Problem requirements:
Please repeat the entries exactly as they appear and omit any images.

== Segment start ==

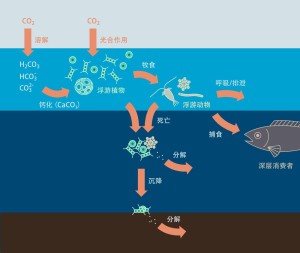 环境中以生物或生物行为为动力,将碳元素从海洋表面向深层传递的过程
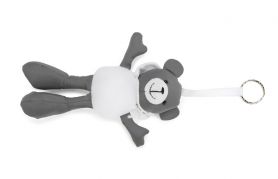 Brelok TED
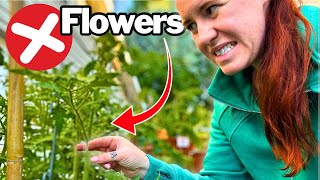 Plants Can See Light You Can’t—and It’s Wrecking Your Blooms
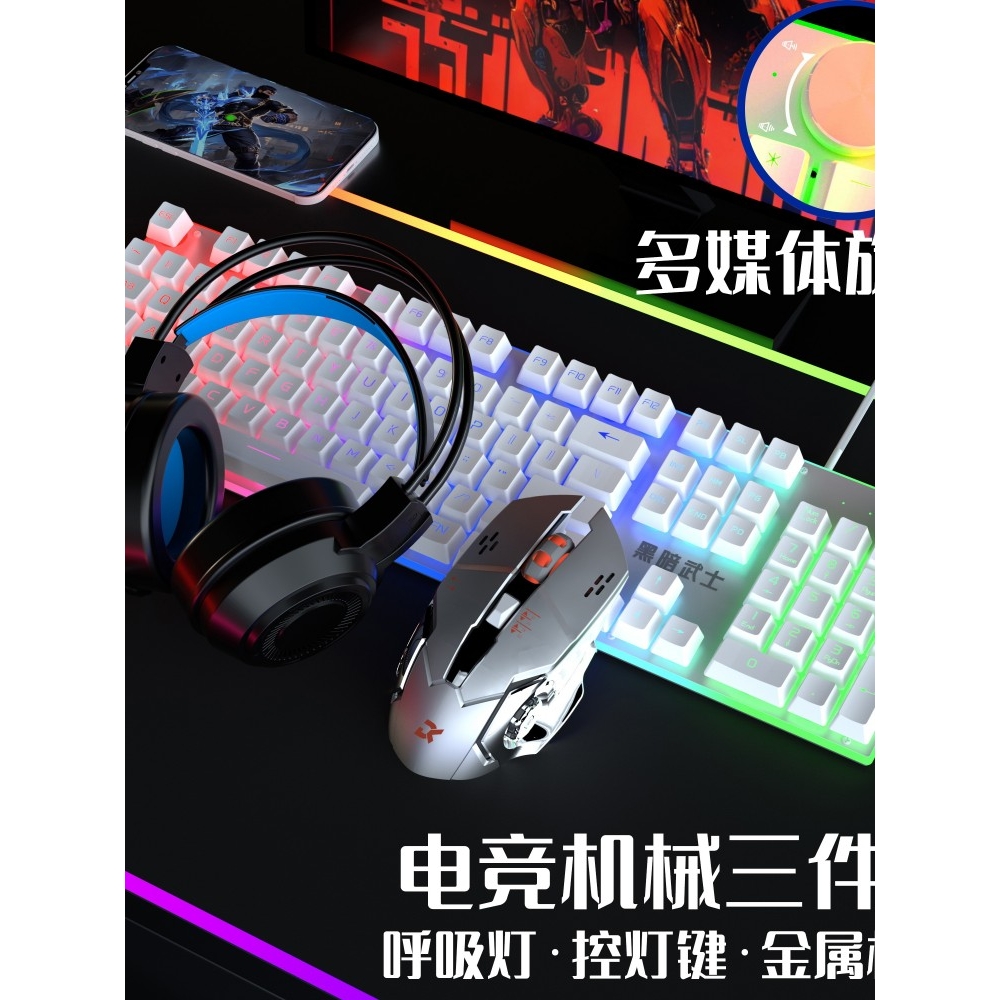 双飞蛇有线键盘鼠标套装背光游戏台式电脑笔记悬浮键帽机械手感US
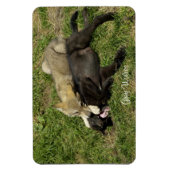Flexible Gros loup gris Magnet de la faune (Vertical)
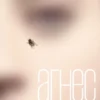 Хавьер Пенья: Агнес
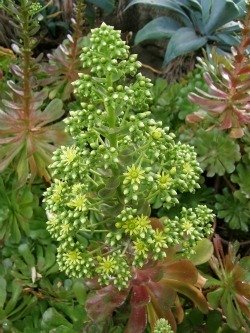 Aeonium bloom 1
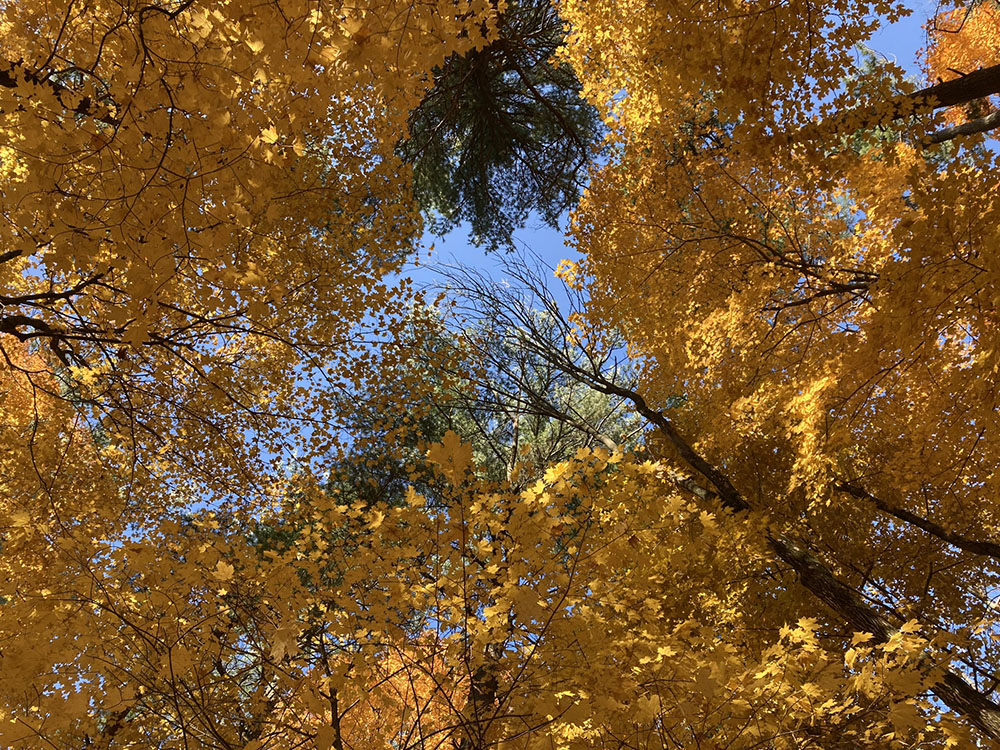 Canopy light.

== Segment end ==

Exercise answer:
 环境中以生物或生物行为为动力,将碳元素从海洋表面向深层传递的过程
 Brelok TED
 Plants Can See Light You Can’t—and It’s Wrecking Your Blooms
 双飞蛇有线键盘鼠标套装背光游戏台式电脑笔记悬浮键帽机械手感US
Flexible Gros loup gris Magnet de la faune (Vertical)
 Хавьер Пенья: Агнес
 Aeonium bloom 1
 Canopy light.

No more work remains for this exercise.